> _WHAT THE TASK REQUIRES_
Would it be possible to output exactly, and only, the lines below from the one holding "Short noir d'ONLY" to the last line, both included, with every picture left out?

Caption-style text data
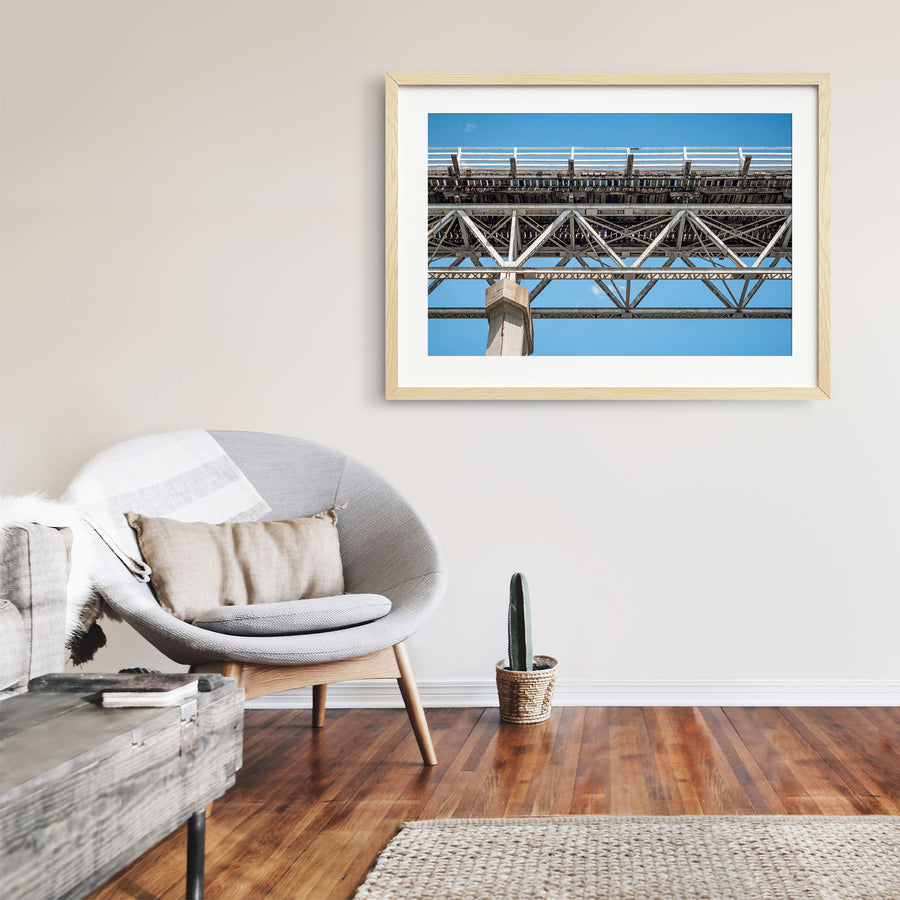 View from below McKillops Bridge in Deddick Valley, looking up at the electric-arc-welded steel Warren trusses and weathered timber decking against a clear sky, with a tall concrete pier at the left.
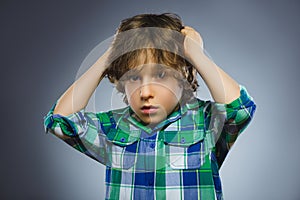 Closeup Portrait of handsome boy with astonished expression on grey background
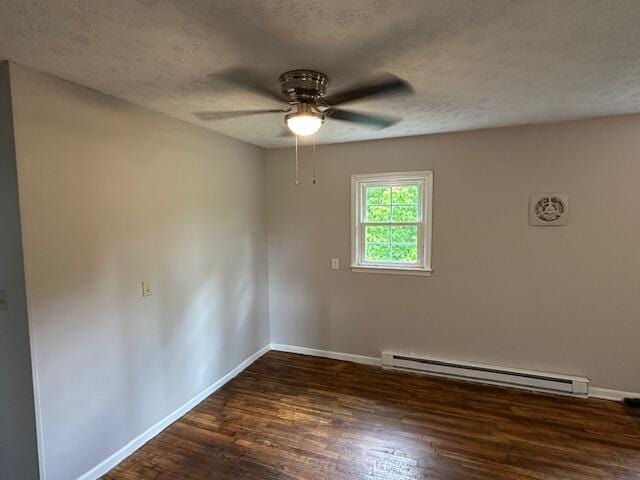 10650 Georgetown Rd, Owenton, KY 40359 - spare room with a baseboard radiator, ceiling fan, dark wood-style flooring, and a textured ceiling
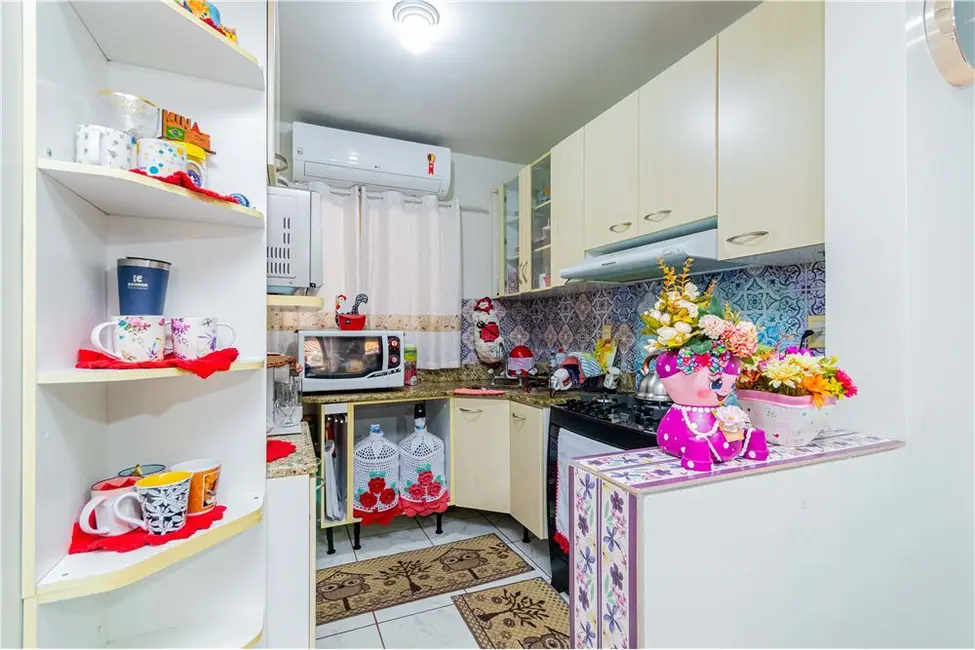 Foto 9 de Casa com 2 quartos à venda, 104m2 em Rio Branco, Canoas - RS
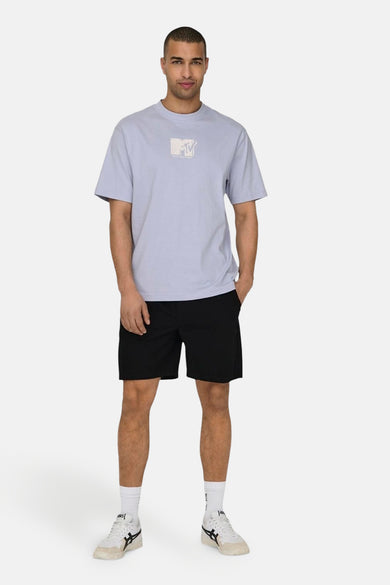 Short noir d'ONLY & SONS, associé à un T-shirt bleu clair avec le logo MTV et des baskets blanches avec des détails noirs.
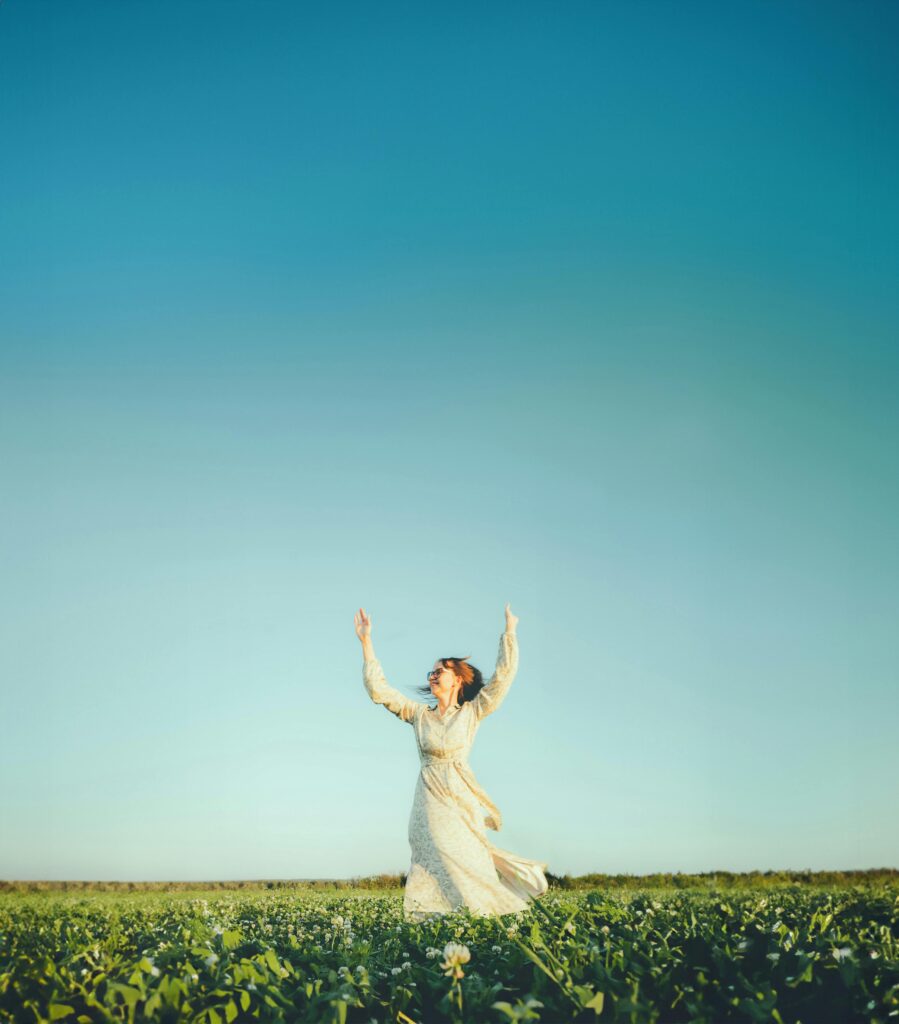 A joyful woman in a field with arms raised against a clear blue sky, depicting freedom and happiness.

> _RESPONSE TO THE EXERCISE_
 Short noir d'ONLY & SONS, associé à un T-shirt bleu clair avec le logo MTV et des baskets blanches avec des détails noirs.
 A joyful woman in a field with arms raised against a clear blue sky, depicting freedom and happiness.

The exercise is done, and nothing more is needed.